Short descriptive text snippets

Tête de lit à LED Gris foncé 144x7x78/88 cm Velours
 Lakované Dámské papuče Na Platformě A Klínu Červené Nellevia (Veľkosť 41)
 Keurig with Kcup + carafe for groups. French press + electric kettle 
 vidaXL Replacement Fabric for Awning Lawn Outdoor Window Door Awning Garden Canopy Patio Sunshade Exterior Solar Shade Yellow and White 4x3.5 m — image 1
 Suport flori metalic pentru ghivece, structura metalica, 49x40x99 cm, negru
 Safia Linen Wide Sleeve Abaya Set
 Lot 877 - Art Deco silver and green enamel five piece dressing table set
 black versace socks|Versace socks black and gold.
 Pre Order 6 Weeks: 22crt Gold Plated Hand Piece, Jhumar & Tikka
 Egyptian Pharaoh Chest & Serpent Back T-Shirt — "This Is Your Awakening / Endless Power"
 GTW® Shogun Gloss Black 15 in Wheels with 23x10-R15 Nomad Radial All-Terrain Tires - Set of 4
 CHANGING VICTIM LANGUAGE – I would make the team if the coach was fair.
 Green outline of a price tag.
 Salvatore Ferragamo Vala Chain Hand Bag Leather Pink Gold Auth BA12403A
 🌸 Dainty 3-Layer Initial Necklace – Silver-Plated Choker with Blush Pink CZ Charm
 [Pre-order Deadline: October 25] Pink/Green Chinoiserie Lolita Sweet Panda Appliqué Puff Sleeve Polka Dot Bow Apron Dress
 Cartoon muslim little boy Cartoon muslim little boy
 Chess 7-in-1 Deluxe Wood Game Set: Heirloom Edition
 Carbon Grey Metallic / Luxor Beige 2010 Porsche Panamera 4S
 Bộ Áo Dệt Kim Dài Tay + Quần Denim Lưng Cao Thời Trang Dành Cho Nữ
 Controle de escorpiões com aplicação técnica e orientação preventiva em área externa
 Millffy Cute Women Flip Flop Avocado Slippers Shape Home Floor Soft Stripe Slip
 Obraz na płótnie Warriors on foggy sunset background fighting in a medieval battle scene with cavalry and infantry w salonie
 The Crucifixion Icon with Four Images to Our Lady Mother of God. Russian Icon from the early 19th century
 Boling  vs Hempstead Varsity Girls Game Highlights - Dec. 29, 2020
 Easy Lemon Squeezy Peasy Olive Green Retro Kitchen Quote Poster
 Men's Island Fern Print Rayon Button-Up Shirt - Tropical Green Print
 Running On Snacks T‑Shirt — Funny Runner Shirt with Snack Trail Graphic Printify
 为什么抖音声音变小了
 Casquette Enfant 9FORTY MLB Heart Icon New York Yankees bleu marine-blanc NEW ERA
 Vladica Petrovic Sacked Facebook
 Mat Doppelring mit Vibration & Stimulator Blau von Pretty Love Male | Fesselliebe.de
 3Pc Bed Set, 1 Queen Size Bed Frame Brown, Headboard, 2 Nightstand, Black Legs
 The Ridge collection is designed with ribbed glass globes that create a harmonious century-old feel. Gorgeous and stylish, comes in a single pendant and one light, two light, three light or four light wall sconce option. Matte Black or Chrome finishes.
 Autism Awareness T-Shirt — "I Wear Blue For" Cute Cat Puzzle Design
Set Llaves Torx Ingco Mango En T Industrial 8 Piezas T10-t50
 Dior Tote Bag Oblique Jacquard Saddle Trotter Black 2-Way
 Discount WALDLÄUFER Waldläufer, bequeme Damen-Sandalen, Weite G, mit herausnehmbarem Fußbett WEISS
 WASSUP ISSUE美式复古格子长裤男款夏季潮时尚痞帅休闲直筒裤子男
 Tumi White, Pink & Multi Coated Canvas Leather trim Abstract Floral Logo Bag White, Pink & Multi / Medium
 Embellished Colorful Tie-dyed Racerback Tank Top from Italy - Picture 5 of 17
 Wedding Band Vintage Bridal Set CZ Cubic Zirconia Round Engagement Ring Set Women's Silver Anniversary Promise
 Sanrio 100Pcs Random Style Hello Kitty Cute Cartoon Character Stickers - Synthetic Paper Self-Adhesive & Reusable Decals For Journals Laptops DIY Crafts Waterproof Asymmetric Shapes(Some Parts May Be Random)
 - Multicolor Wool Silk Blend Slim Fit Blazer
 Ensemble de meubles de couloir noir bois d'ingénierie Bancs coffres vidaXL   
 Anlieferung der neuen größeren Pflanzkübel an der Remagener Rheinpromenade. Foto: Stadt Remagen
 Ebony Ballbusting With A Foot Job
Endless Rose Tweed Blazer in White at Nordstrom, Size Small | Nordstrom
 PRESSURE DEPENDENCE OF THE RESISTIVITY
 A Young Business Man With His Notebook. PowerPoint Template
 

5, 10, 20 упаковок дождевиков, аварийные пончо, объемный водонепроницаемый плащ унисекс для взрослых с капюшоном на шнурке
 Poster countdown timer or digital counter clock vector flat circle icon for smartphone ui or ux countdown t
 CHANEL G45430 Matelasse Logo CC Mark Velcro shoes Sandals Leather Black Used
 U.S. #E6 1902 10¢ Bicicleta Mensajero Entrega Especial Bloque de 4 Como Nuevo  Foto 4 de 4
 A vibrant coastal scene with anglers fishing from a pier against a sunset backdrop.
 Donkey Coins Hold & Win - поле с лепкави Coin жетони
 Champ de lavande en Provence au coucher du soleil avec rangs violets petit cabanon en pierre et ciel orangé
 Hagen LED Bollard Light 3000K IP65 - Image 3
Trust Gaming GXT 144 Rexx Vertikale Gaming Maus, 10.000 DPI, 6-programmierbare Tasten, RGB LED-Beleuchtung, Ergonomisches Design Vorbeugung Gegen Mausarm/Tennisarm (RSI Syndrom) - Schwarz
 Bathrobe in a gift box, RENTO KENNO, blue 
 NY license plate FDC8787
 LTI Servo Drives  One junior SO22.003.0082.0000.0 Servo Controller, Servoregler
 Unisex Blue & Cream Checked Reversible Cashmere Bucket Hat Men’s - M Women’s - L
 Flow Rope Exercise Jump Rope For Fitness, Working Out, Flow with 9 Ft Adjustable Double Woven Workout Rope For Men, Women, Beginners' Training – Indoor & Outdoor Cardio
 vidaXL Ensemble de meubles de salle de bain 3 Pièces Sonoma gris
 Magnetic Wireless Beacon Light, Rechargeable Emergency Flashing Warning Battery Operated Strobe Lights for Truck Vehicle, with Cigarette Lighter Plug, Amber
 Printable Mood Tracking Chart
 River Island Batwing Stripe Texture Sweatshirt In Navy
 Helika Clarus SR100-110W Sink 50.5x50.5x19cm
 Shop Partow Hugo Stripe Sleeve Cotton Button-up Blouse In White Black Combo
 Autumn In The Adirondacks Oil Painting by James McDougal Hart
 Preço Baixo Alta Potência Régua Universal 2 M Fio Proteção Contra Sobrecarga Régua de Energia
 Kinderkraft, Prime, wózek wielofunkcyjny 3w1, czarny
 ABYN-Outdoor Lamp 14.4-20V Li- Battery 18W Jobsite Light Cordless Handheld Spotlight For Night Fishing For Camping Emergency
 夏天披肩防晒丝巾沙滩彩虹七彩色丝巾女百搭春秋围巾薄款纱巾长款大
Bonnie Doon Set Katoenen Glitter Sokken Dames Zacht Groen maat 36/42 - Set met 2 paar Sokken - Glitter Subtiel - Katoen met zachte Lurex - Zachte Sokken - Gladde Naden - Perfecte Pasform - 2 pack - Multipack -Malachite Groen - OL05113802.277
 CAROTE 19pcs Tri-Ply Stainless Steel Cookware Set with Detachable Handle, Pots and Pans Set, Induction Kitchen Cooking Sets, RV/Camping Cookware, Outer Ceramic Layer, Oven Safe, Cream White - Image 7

* Aim of the task *
What is needed is an exact copy of all the records above.

* Response to this task *
Tête de lit à LED Gris foncé 144x7x78/88 cm Velours
 Lakované Dámské papuče Na Platformě A Klínu Červené Nellevia (Veľkosť 41)
 Keurig with Kcup + carafe for groups. French press + electric kettle 
 vidaXL Replacement Fabric for Awning Lawn Outdoor Window Door Awning Garden Canopy Patio Sunshade Exterior Solar Shade Yellow and White 4x3.5 m — image 1
 Suport flori metalic pentru ghivece, structura metalica, 49x40x99 cm, negru
 Safia Linen Wide Sleeve Abaya Set
 Lot 877 - Art Deco silver and green enamel five piece dressing table set
 black versace socks|Versace socks black and gold.
 Pre Order 6 Weeks: 22crt Gold Plated Hand Piece, Jhumar & Tikka
 Egyptian Pharaoh Chest & Serpent Back T-Shirt — "This Is Your Awakening / Endless Power"
 GTW® Shogun Gloss Black 15 in Wheels with 23x10-R15 Nomad Radial All-Terrain Tires - Set of 4
 CHANGING VICTIM LANGUAGE – I would make the team if the coach was fair.
 Green outline of a price tag.
 Salvatore Ferragamo Vala Chain Hand Bag Leather Pink Gold Auth BA12403A
 🌸 Dainty 3-Layer Initial Necklace – Silver-Plated Choker with Blush Pink CZ Charm
 [Pre-order Deadline: October 25] Pink/Green Chinoiserie Lolita Sweet Panda Appliqué Puff Sleeve Polka Dot Bow Apron Dress
 Cartoon muslim little boy Cartoon muslim little boy
 Chess 7-in-1 Deluxe Wood Game Set: Heirloom Edition
 Carbon Grey Metallic / Luxor Beige 2010 Porsche Panamera 4S
 Bộ Áo Dệt Kim Dài Tay + Quần Denim Lưng Cao Thời Trang Dành Cho Nữ
 Controle de escorpiões com aplicação técnica e orientação preventiva em área externa
 Millffy Cute Women Flip Flop Avocado Slippers Shape Home Floor Soft Stripe Slip
 Obraz na płótnie Warriors on foggy sunset background fighting in a medieval battle scene with cavalry and infantry w salonie
 The Crucifixion Icon with Four Images to Our Lady Mother of God. Russian Icon from the early 19th century
 Boling  vs Hempstead Varsity Girls Game Highlights - Dec. 29, 2020
 Easy Lemon Squeezy Peasy Olive Green Retro Kitchen Quote Poster
 Men's Island Fern Print Rayon Button-Up Shirt - Tropical Green Print
 Running On Snacks T‑Shirt — Funny Runner Shirt with Snack Trail Graphic Printify
 为什么抖音声音变小了
 Casquette Enfant 9FORTY MLB Heart Icon New York Yankees bleu marine-blanc NEW ERA
 Vladica Petrovic Sacked Facebook
 Mat Doppelring mit Vibration & Stimulator Blau von Pretty Love Male | Fesselliebe.de
 3Pc Bed Set, 1 Queen Size Bed Frame Brown, Headboard, 2 Nightstand, Black Legs
 The Ridge collection is designed with ribbed glass globes that create a harmonious century-old feel. Gorgeous and stylish, comes in a single pendant and one light, two light, three light or four light wall sconce option. Matte Black or Chrome finishes.
 Autism Awareness T-Shirt — "I Wear Blue For" Cute Cat Puzzle Design
Set Llaves Torx Ingco Mango En T Industrial 8 Piezas T10-t50
 Dior Tote Bag Oblique Jacquard Saddle Trotter Black 2-Way
 Discount WALDLÄUFER Waldläufer, bequeme Damen-Sandalen, Weite G, mit herausnehmbarem Fußbett WEISS
 WASSUP ISSUE美式复古格子长裤男款夏季潮时尚痞帅休闲直筒裤子男
 Tumi White, Pink & Multi Coated Canvas Leather trim Abstract Floral Logo Bag White, Pink & Multi / Medium
 Embellished Colorful Tie-dyed Racerback Tank Top from Italy - Picture 5 of 17
 Wedding Band Vintage Bridal Set CZ Cubic Zirconia Round Engagement Ring Set Women's Silver Anniversary Promise
 Sanrio 100Pcs Random Style Hello Kitty Cute Cartoon Character Stickers - Synthetic Paper Self-Adhesive & Reusable Decals For Journals Laptops DIY Crafts Waterproof Asymmetric Shapes(Some Parts May Be Random)
 - Multicolor Wool Silk Blend Slim Fit Blazer
 Ensemble de meubles de couloir noir bois d'ingénierie Bancs coffres vidaXL   
 Anlieferung der neuen größeren Pflanzkübel an der Remagener Rheinpromenade. Foto: Stadt Remagen
 Ebony Ballbusting With A Foot Job
Endless Rose Tweed Blazer in White at Nordstrom, Size Small | Nordstrom
 PRESSURE DEPENDENCE OF THE RESISTIVITY
 A Young Business Man With His Notebook. PowerPoint Template
 

5, 10, 20 упаковок дождевиков, аварийные пончо, объемный водонепроницаемый плащ унисекс для взрослых с капюшоном на шнурке
 Poster countdown timer or digital counter clock vector flat circle icon for smartphone ui or ux countdown t
 CHANEL G45430 Matelasse Logo CC Mark Velcro shoes Sandals Leather Black Used
 U.S. #E6 1902 10¢ Bicicleta Mensajero Entrega Especial Bloque de 4 Como Nuevo  Foto 4 de 4
 A vibrant coastal scene with anglers fishing from a pier against a sunset backdrop.
 Donkey Coins Hold & Win - поле с лепкави Coin жетони
 Champ de lavande en Provence au coucher du soleil avec rangs violets petit cabanon en pierre et ciel orangé
 Hagen LED Bollard Light 3000K IP65 - Image 3
Trust Gaming GXT 144 Rexx Vertikale Gaming Maus, 10.000 DPI, 6-programmierbare Tasten, RGB LED-Beleuchtung, Ergonomisches Design Vorbeugung Gegen Mausarm/Tennisarm (RSI Syndrom) - Schwarz
 Bathrobe in a gift box, RENTO KENNO, blue 
 NY license plate FDC8787
 LTI Servo Drives  One junior SO22.003.0082.0000.0 Servo Controller, Servoregler
 Unisex Blue & Cream Checked Reversible Cashmere Bucket Hat Men’s - M Women’s - L
 Flow Rope Exercise Jump Rope For Fitness, Working Out, Flow with 9 Ft Adjustable Double Woven Workout Rope For Men, Women, Beginners' Training – Indoor & Outdoor Cardio
 vidaXL Ensemble de meubles de salle de bain 3 Pièces Sonoma gris
 Magnetic Wireless Beacon Light, Rechargeable Emergency Flashing Warning Battery Operated Strobe Lights for Truck Vehicle, with Cigarette Lighter Plug, Amber
 Printable Mood Tracking Chart
 River Island Batwing Stripe Texture Sweatshirt In Navy
 Helika Clarus SR100-110W Sink 50.5x50.5x19cm
 Shop Partow Hugo Stripe Sleeve Cotton Button-up Blouse In White Black Combo
 Autumn In The Adirondacks Oil Painting by James McDougal Hart
 Preço Baixo Alta Potência Régua Universal 2 M Fio Proteção Contra Sobrecarga Régua de Energia
 Kinderkraft, Prime, wózek wielofunkcyjny 3w1, czarny
 ABYN-Outdoor Lamp 14.4-20V Li- Battery 18W Jobsite Light Cordless Handheld Spotlight For Night Fishing For Camping Emergency
 夏天披肩防晒丝巾沙滩彩虹七彩色丝巾女百搭春秋围巾薄款纱巾长款大
Bonnie Doon Set Katoenen Glitter Sokken Dames Zacht Groen maat 36/42 - Set met 2 paar Sokken - Glitter Subtiel - Katoen met zachte Lurex - Zachte Sokken - Gladde Naden - Perfecte Pasform - 2 pack - Multipack -Malachite Groen - OL05113802.277
 CAROTE 19pcs Tri-Ply Stainless Steel Cookware Set with Detachable Handle, Pots and Pans Set, Induction Kitchen Cooking Sets, RV/Camping Cookware, Outer Ceramic Layer, Oven Safe, Cream White - Image 7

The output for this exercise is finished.